These aren't bugs in the model. They're rational responses to training data that contained spurious correlations. The model found a shortcut. It works — until the correlation breaks.

Why interpretability is harder than it sounds

Grad-CAM and attention maps are the standard tools for checking what a model is "looking at." They produce heatmaps overlaid on the input image, highlighting regions that most influenced the prediction.

The problem is that these heatmaps are approximations. They show which regions contributed to the output, not why they contributed. A heatmap highlighting the defect region doesn't prove the model learned "defect." It might have learned "this region has different pixel statistics" — which could be the defect, or the shadow, or the lighting gradient, or a camera artifact.

For deep networks with millions of parameters, honest interpretability has fundamental limits. We can visualize individual features, attention patterns, and gradient-based attributions. But we cannot fully explain how 25 million parameters interact to produce a specific decision on a specific input.

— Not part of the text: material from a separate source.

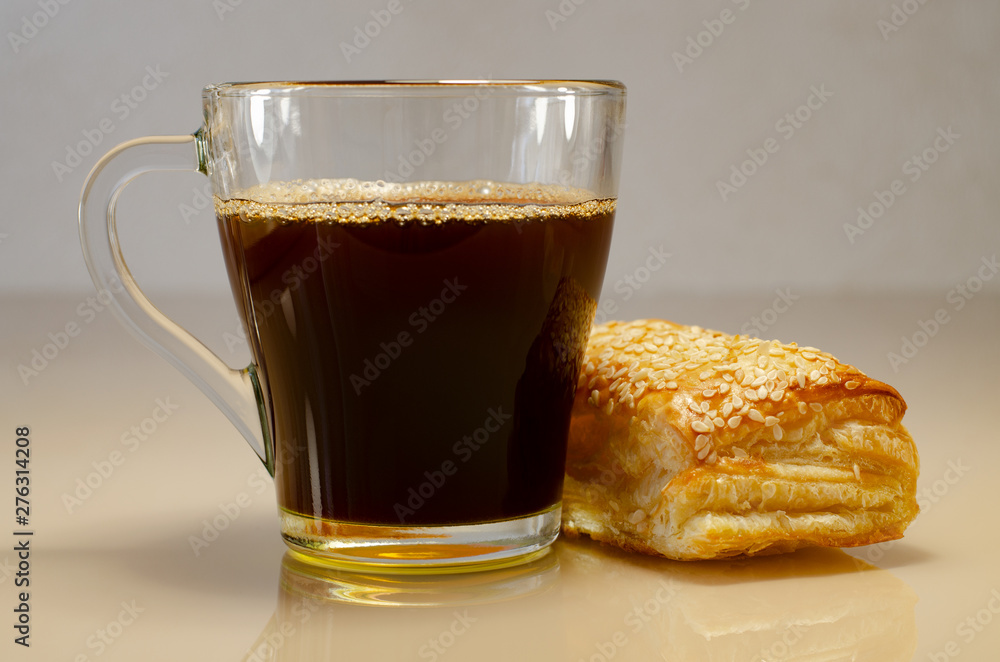 Coffee in a transparent cup. Puff bun with sesame on a glass surface. Bubbles in coffee Coffee in a transparent cup. Puff bun with sesame on a glass surface. Bubbles in coffee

What Day Two validation looks like

Test with controlled perturbations. Intentionally change the things that shouldn't matter — lighting angle, background color, camera position — and verify the model's predictions are stable. If accuracy drops when you change the lighting, the model learned the lighting, not the defect.

Validate on production data, not lab data. Your training set was curated. Production data has variance your lab never replicated. Run your model on two weeks of real production output before trusting its accuracy number.

Rotate your validation set. A static test set tells you how the model performs on that specific data. It tells you nothing about new conditions. Continuously add fresh production samples to your validation pipeline.

Accept the uncertainty. For critical applications, a well-calibrated model that says "I'm 60% confident this is a defect — please have a human check" is more valuable than a model that says "I'm 99% confident" and is wrong about which feature it learned.

The 98% accuracy was real. The model's understanding of why it was accurate was not. Day Two is when the difference between correlation and causation stops being a philosophy-class distinction and becomes a production incident.